=== To do ===
You are asked to repeat the listing word for word and to leave out its pictures.

=== Dataset section ===
☆ ☆ ☆ ☆ ☆ ☆ ☆
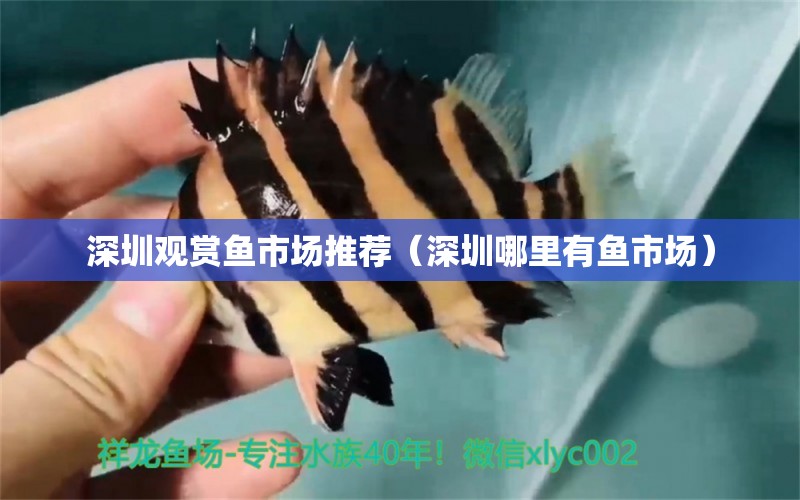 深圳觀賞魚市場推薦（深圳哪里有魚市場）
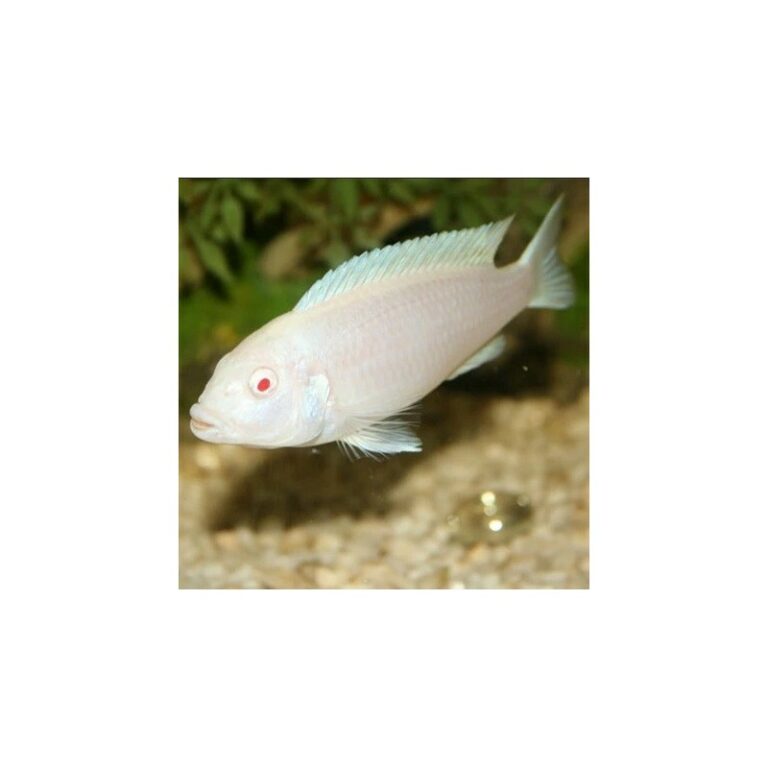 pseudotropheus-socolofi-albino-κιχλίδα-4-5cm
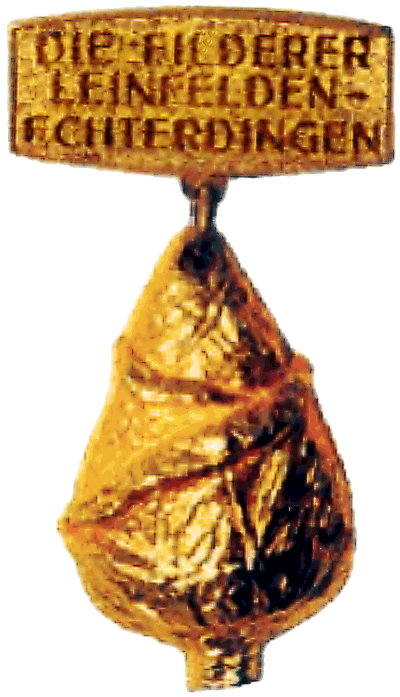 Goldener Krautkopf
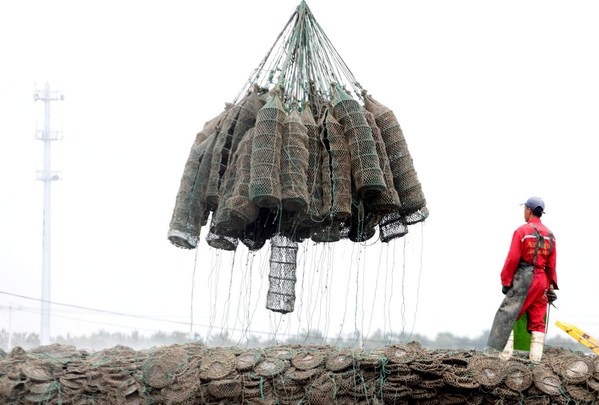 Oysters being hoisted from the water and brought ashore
☆ ☆ ☆ ☆ ☆ ☆ ☆
=== Task answer ===
 深圳觀賞魚市場推薦（深圳哪里有魚市場）
 pseudotropheus-socolofi-albino-κιχλίδα-4-5cm
 Goldener Krautkopf
 Oysters being hoisted from the water and brought ashore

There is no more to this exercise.